C'est ainsi que cette époque, voit les sciences humaines profondément marquées par la recherche de déterminismes.

La géographie physique apparaît ainsi comme étant capable de conditionner la politique étrangère des Etats et d'orienter leur développement historique.

Le discours scientiste vint fournir des arguments au nationalisme allemand dont le but était d'apporter une justification scientifique à l'extension volume par le Reich. C'est la raison pour laquelle on lit souvent que la géopolitique fut d'abord une science allemande. 4(*)

B. Freiderch Ratzel : De la géographie politique

Freiderch Ratzel (1844-1904) occupe une place centrale dans la genèse de la science géopolitique a plus d'un titre.

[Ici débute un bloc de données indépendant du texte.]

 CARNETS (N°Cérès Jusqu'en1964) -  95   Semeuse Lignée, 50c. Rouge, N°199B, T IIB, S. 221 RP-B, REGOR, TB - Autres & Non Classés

Précurseur de la matière, il est l'un des premiers géographes à proposer les concepts fondamentaux d'une géopolitik allemande.

ses théories marquées par l'évolutionnisme, peuvent être considérées comme centrales dans l'orientation de la politique étrangère allemande, tant dans sa dimension mondiale, qu'europenne. Mais tout d'abord, et avant d'exposer les principaux points de sa théorie concernant la géographie politique, il s'avère utile de poser quelques points de lumière sur la vie de ce théoricien en le positionnant dans son siècle.

a). Ratzel, un homme dans son siècle

Pour le grand philosophe allemand Hegel, tout homme est d'abord l'enfant de son époque. Ratzel appartient à un moment de l'histoire de l'Allemagne et, au-delà, du monde.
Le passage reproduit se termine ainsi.